▸ Source data:
++++

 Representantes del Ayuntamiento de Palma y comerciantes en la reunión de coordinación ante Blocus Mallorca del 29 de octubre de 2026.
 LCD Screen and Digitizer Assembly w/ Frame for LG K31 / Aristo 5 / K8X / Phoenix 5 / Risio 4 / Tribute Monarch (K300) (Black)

++++

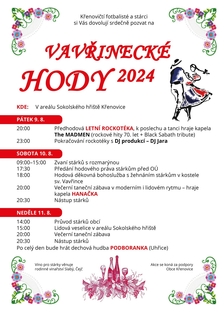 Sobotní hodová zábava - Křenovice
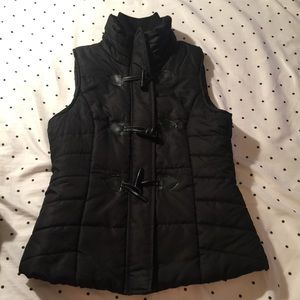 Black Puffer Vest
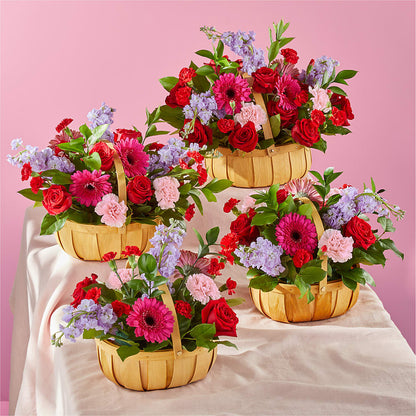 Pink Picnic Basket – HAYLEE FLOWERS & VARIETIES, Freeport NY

++++

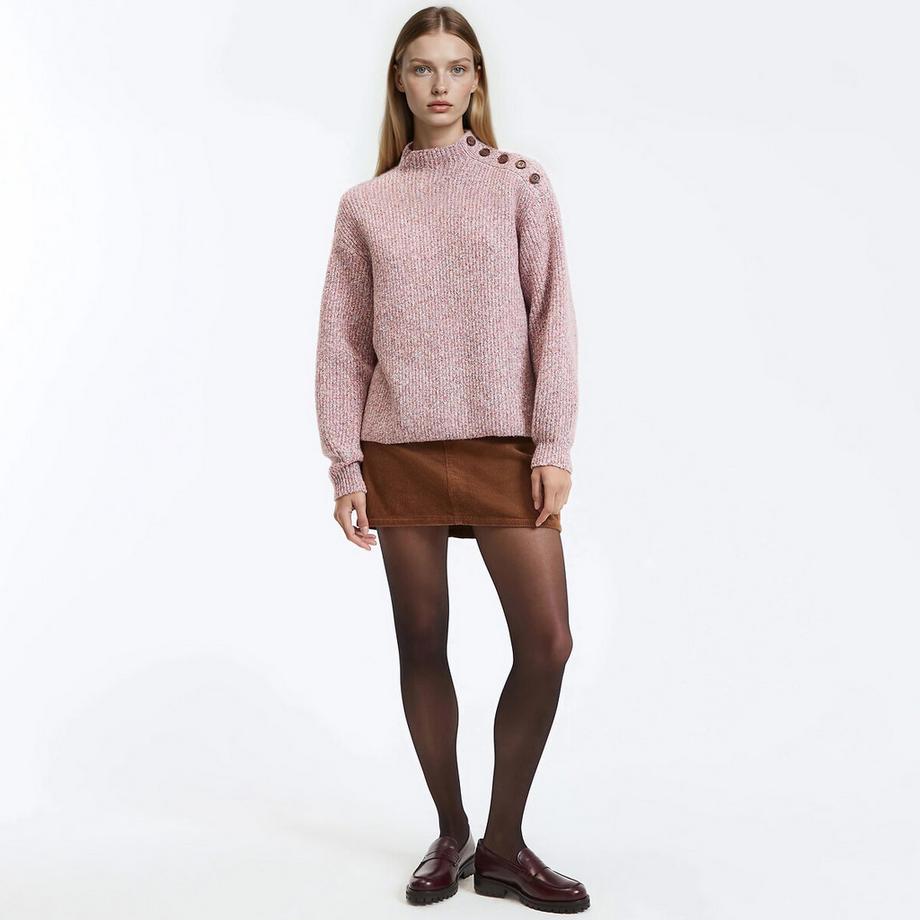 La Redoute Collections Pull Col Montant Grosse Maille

++++

Both boundary lines included, write out word for word only the lines above from the one containing "Black Puffer Vest" to the one containing "Pink Picnic Basket", leaving out any pictures.

▸ Solved exercise:
 Black Puffer Vest
 Pink Picnic Basket – HAYLEE FLOWERS & VARIETIES, Freeport NY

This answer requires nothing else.